= Genealogies of Genesis =

Genealogies appearing in the Book of Genesis

The biblical Book of Genesis contains a number of genealogies, which provide a framework around which the book is structured. Beginning with Adam, genealogies in Genesis 4, 5, 10, 11, 22, 25, 29–30, 35–36, and 46 move the narrative forward from the creation to the beginnings of the Israelites' existence as a people.

Adam's lineage in Genesis contains two branches:
- Genesis 4:17-26 identifies the descendants of Cain, and
- Genesis 5 identifies the descendants of Seth.
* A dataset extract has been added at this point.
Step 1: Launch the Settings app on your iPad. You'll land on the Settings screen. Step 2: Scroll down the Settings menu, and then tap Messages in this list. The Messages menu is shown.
Seth's genealogy is then continued in later chapters.

Chapter 10 sets out the Generations of Noah (also called the Table of Nations), accounting for the populating of the Earth by Noah's descendants. This section is not strictly a genealogy but an ethnography.

==Treatment of ages==
Genesis 5 and Genesis 11 include the ages at which each of the patriarchs had the progeny named as well as the number of years he lived thereafter. Many of the ages given in the text are long, but could have been considered modest in comparison to the ages given in other works (for instance, the Sumerian King List).
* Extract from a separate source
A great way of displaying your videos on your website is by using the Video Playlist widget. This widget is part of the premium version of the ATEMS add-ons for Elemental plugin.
The ages include patterns surrounding the numbers five and seven, for instance the 365 year life of Enoch (the same as the number of full calendar days in a solar year) and the 777 year life of Lamech (repetitional emphasis of the number seven). Overall, the ages display clear mathematical patterns, leading some people to conclude that number symbolism was used to construct them. Nevertheless, since Genesis 5 and 11 provide the age of each patriarch at the birth of his named descendant, it also appears to present a gapless chronology from Adam to Abraham, even if the named descendant is not always a first-generation son.
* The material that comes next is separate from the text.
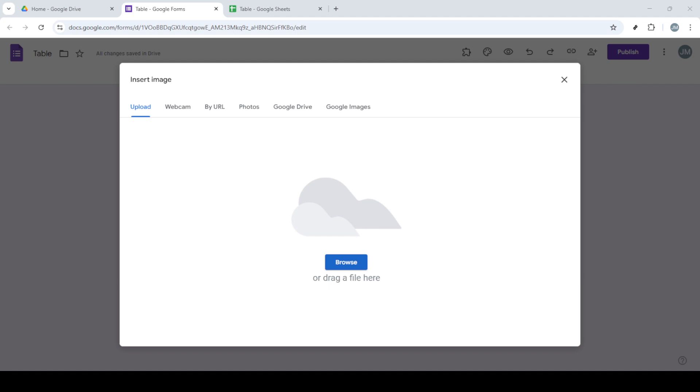Now switch back over to your Google Form. You'll see an option to add inline image below your question. Click this option to upload the image of the table you just saved. Once the upload dialog pops up, click Browse and find your table image file on your computer, then upload it.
==Generations of Adam and Eve==
Genesis names three children of Adam and Eve, Cain, Abel and Seth. Genesis 4:1–18 recounts how Cain killed his brother Abel: there is no record of Abel having any descendants, and Eve refers to Seth in Genesis 4:25 as "another child in place of Abel". A genealogy tracing the descendants of Cain is given in , while the line from Seth down to Noah appears in . Scholars have noted similarities between these descents: most of the names in each are variants of those in the other, though their order differs, with the names of Enoch and Mahalalel/Mehujael switching places in the two pedigrees. It is "as if they were different versions of the same underlying tradition". This has led to speculation that a single original genealogical descent had diverged during independent transmission, only to be brought back together and put to different uses when the Book of Genesis was compiled from its Jahwist and Priestly sources.

The ages at which each of these characters fathered their children are all high by later standards, ranging from 65 (when Enoch and Mahalalel fathered their sons) to 500 years (Noah). Theologian John Gill speculated that "no doubt" earlier children were born before the ones listed, who are named because they are the ones who take forward the lineage "directly from Adam to Noah".

==Generations of Noah==

Following the Genesis flood narrative, a large multi-branched genealogy presents the descendants of the sons of Noah. The 70 names given represent biblical geography, consisting of local ethnonyms and toponyms presented in the form of eponymous ancestors (names in origin-myth genealogies that are to be understood as ancestors and embodiments of the peoples whose names they bear). This is a symbolic presentation of the peopling of the world and indicates a view of the unity of the human race. The peoples and places are not organised by geography, language family or ethnic groups, and probably do not represent the geography of a particular point in history, instead deriving from an old nucleus of geographical knowledge to which additional names/peoples were subsequently added.

==Abraham's family tree==

The following is a family tree for the descendants of the line of Noah's son Shem, through Abraham to Jacob and his sons. Dashed lines are marriage connections.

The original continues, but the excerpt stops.